═════ Provided records ═════

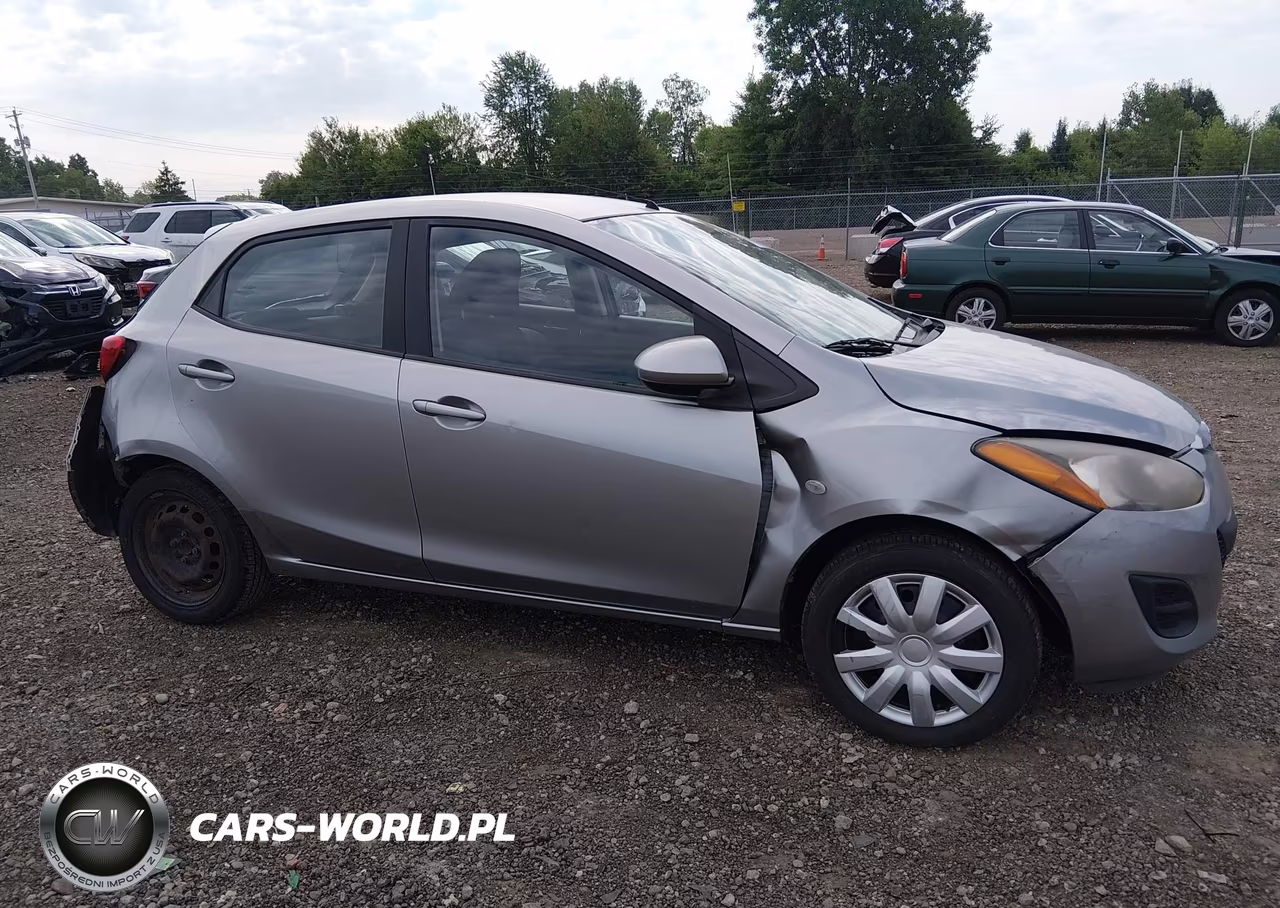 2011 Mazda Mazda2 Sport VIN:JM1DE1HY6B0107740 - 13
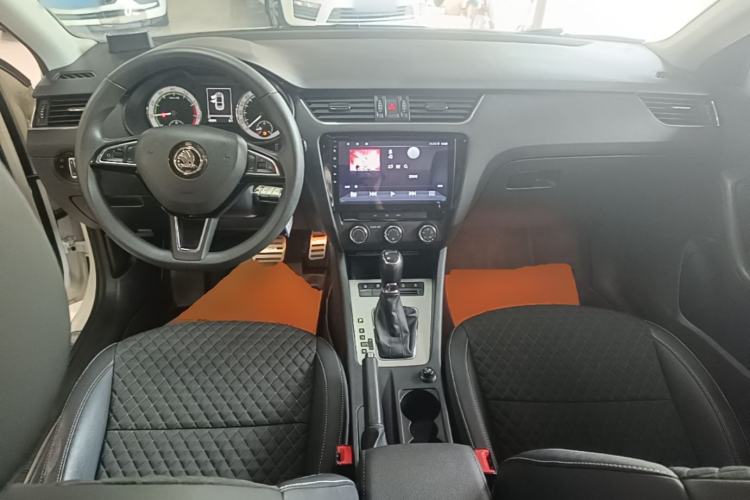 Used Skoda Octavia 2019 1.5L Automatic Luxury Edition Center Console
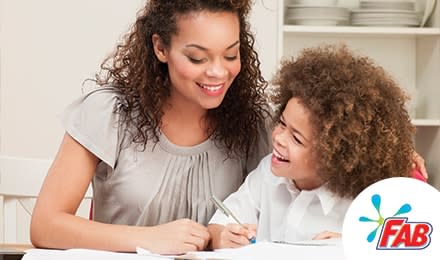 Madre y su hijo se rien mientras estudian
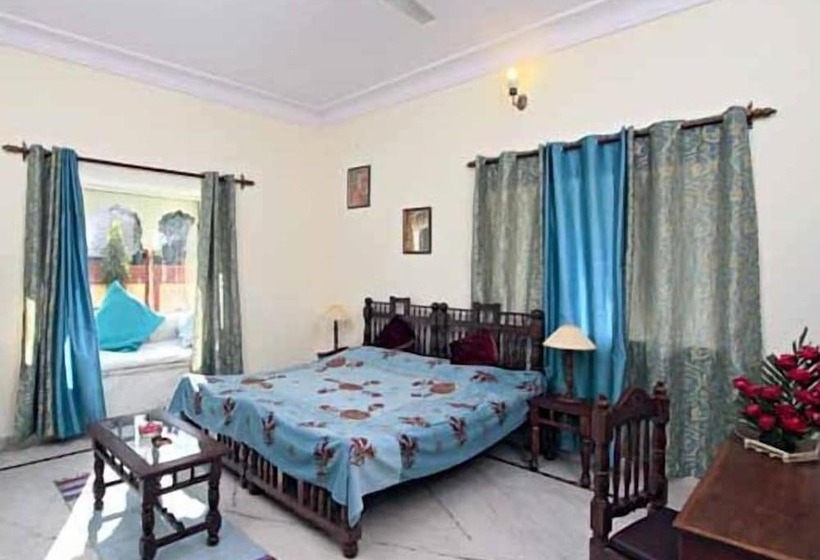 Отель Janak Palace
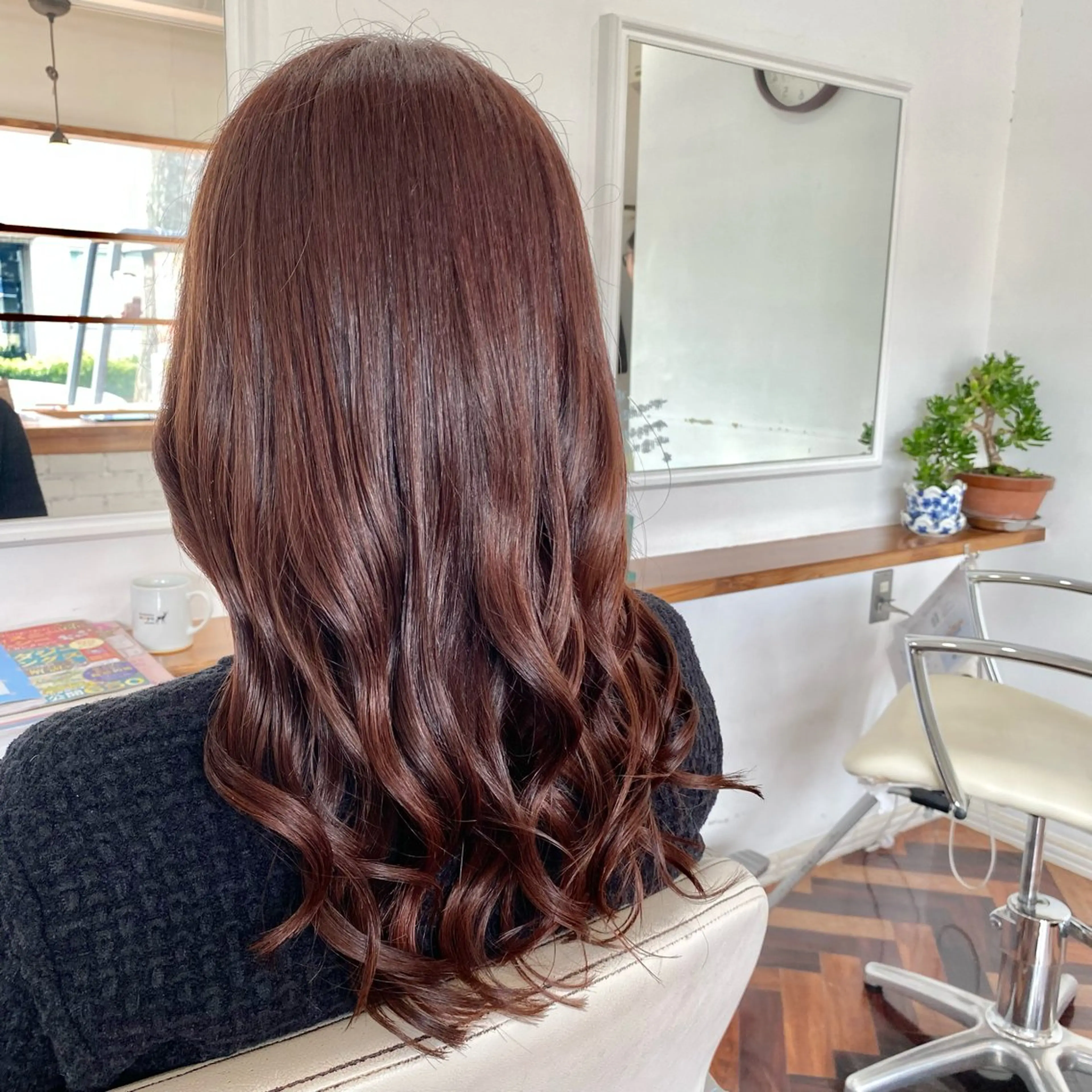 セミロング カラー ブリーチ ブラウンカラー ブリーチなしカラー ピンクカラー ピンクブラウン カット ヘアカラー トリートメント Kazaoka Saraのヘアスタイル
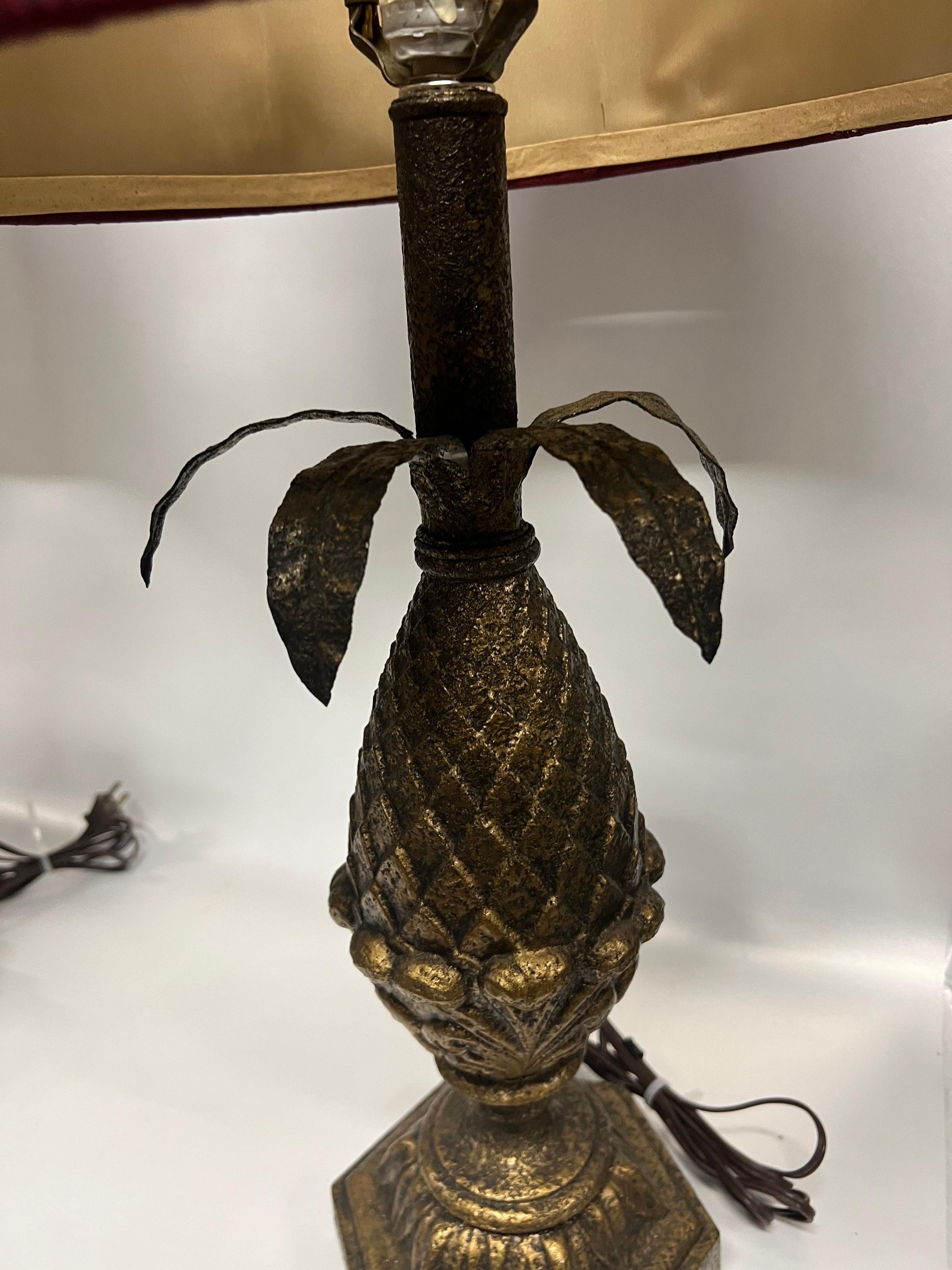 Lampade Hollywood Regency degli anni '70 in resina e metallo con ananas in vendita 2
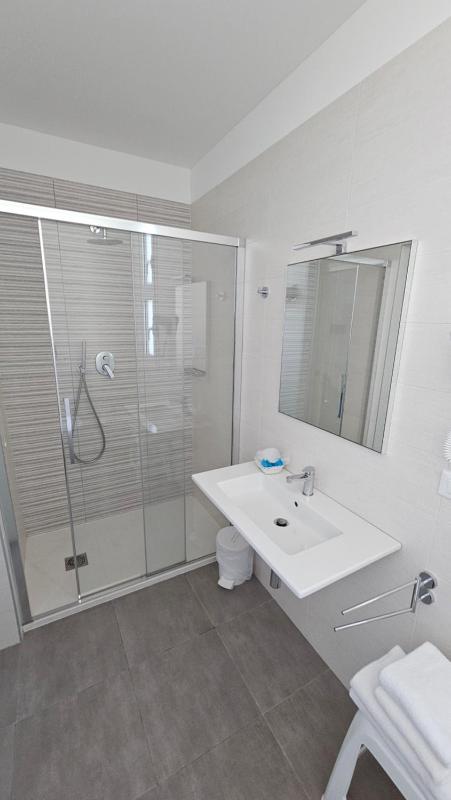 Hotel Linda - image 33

═════

# [What to do]
Every entry above should be printed again exactly, except for the pictures.

# [Response for this exercise]
 2011 Mazda Mazda2 Sport VIN:JM1DE1HY6B0107740 - 13
 Used Skoda Octavia 2019 1.5L Automatic Luxury Edition Center Console
 Madre y su hijo se rien mientras estudian
 Отель Janak Palace
 セミロング カラー ブリーチ ブラウンカラー ブリーチなしカラー ピンクカラー ピンクブラウン カット ヘアカラー トリートメント Kazaoka Saraのヘアスタイル
 Lampade Hollywood Regency degli anni '70 in resina e metallo con ananas in vendita 2
 Hotel Linda - image 33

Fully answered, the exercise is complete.